The figures below show the SEDs produced by SKIRT for an inclination of ${12.5}^{\circ }$ (left) and ${77.5}^{\circ }$ (right) and for edge-on optical depths ranging from 0.1 to 100 (colored curves and dots). The solid lines show the SKIRT solutions, the dots indicate the range of the solutions produced by the five codes participating in the original benchmark. The lower panel of each figure displays the difference between the SKIRT solution and the average benchmark solution for the highest optical depth.

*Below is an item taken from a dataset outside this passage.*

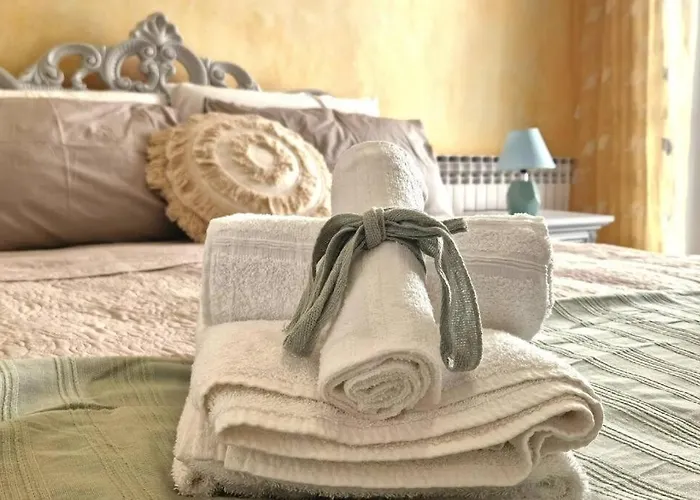 Casa Del Marinaio - Relax In Pieno Centro - Wifi - 6 Posti * Porto SantʼElpidio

The figure below shows the vertical temperature for the four models (with different optical depth) for a distance of 2 AU from the central star in the midplane, comparable to Figure 6 in Pascucci et al. 2004.

Performing this benchmark

To perform this benchmark, download the ski file and wavelength grid data file provided above (References and downloads). Open the ski file in a text editor to adjust the following parameter values to a particular benchmark configuration:

Parameter	XML element	XML attribute
Optical depth	OpticalDepthMaterialNormalization	opticalDepth
Nr of photon packets	MonteCarloSimulation	numPackets

The benchmark specifies radial optical depth values (integrated from the origin to infinity) while the values in the ski file normalize the optical depth along the complete X-axis (integrated from negative to positive infinity). The value in the ski file therefore must be set to twice the value specified for the corresponding benchmark. There are four optical depth values; here are the corresponding values for the number of photon packets in the SKIRT configuration:

Radial optical depth	Nr of photon packets
0.1	5e6
1	5e6
10	1e7
100	5e7

Then pass the (name of) the ski file to SKIRT as a single command line argument. Higher optical depths lead to longer simulation run times. At the end of the simulation run, SKIRT outputs temperature profiles and SEDs which can be compared to the original benchmark results.